Werkgevers worden verplicht om opleidingsgegevens van werknemers bij te werken en te registreren en werknemers hierover te informeren.
Meer weten? Raadpleeg de wet van 22 oktober 2023 op de oprichting en het beheer van de Federal Learning Account.
Door deze wet zal de concretisering van de individuele opleidingsrekening in de arbeidsdeal worden opgeheven.
De FLA staat ondertussen online. Je vindt deze als werkgever op careerpro.be. Neem al eens een kijkje. Je vindt er instructievideo’s, handleidingen en FAQ’s.

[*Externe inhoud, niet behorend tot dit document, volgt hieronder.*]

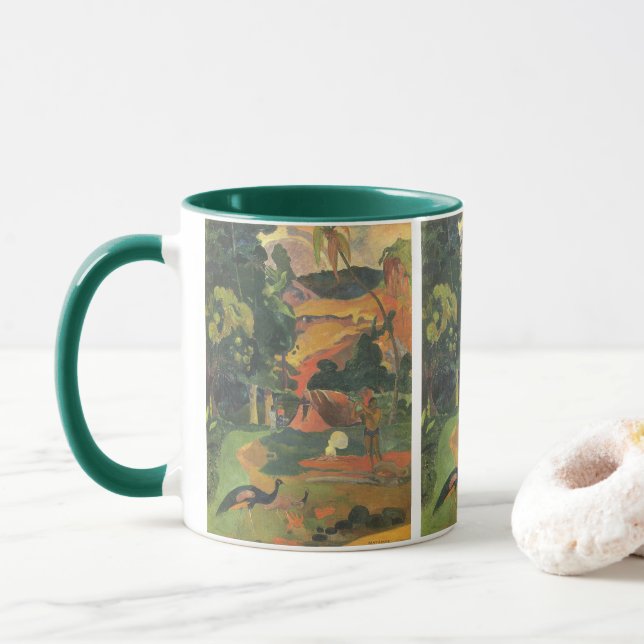 Caneca Paisagem com Peacocks por Paul Gauguin (Com Donut)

UITGESTELD: Hoewel de wet officieel in werking trad op 1 april 2024, is de effectieve verplichting om opleidingen in de Federal Learning Account (FLA) te registreren uitgesteld naar april 2025.
Wat zegt de arbeidsdeal?
Het belang van levenslang leren neemt alsmaar toe. Om als werknemer te kunnen bijblijven in de job die men uitoefent en als werknemer zijn kansen en mogelijkheden op de arbeidsmarkt te versterken is het nodig om te investeren in bij- en omscholing.
De regering wil daarom een opleidingscultuur stimuleren in ons land. Meer investeren in opleidingen voor werknemers is daarbij de boodschap. Studies wijzen daarbij uit dat niet iedereen evenveel kansen krijgt om opleiding te volgen of niet altijd deze kansen grijpt. En vandaar dus de invoering van dit minimale recht op opleiding.

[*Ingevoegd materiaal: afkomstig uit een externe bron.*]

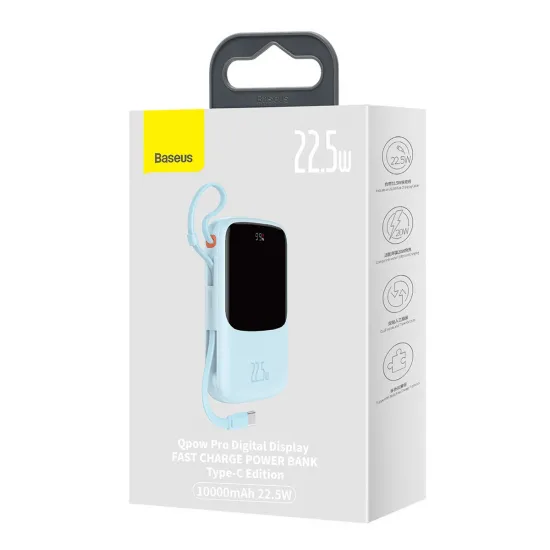 Baseus Qpow powerbank 10000mAh built-in USB Type-C cable 22.5W Quick Charge SCP AFC FCP blue (PPQD020103)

Het aantal opleidingsdagen hangt af van het aantal werknemers in de organisatie:
- In organisaties met minstens 20 werknemers zal elke voltijdse werknemer voortaan recht hebben op gemiddeld 5 opleidingsdagen per jaar.
Dit aantal wordt de komende jaren gradueel opgebouwd: 4 dagen in 2023, 5 dagen vanaf 2024.

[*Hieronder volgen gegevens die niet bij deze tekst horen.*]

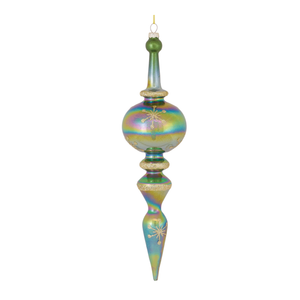 Irredescent Glass Finial Drop Ornament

- Voor organisaties met minstens 10 maar minder dan 20 werknemers wordt dit recht herleid tot gemiddeld 1
dag per jaar.
Werknemers die deeltijds werken of die in de loop van het jaar in- of uit dienst gaan hebben recht op een pro rata.
Dat wordt berekend met de formule A x B x C, waarbij A het aantal opleidingsdagen voor een voltijder is; B het arbeidsregime in verhouding tot een voltijds regime is; C het aantal maanden in dienst van de werkgever, gedeeld door 12 is. Een begonnen maand telt als volledige maand.
Organisaties met minder dan 10 werknemers worden uitgesloten van de toepassing van deze wet. Deze werkgevers kunnen echter wel beslissen opleidingsdagen toe te kennen aan hun werknemers.
Dat gebeurt ofwel door:
een sectorale cao waarin wordt voorzien in minstens 4 opleidingsdagen per jaar voor 2023 en minstens 5 vanaf 2024.
De wet voorziet in de minimale inhoud van zulke cao’s (o.m. het aantal dagen, het groeipad, de praktische uitwerking, het soort opleidingen dat in aanmerking komt). De paritaire (sub)comités hebben tot 30 september 2023 om een eerste cao te sluiten voor 2023-2024. Zij kunnen het aantal verplichte opleidingsdagen verminderen in hun cao, maar het aantal mag nooit lager zijn dan 2.
- door een individuele opleidingsrekening.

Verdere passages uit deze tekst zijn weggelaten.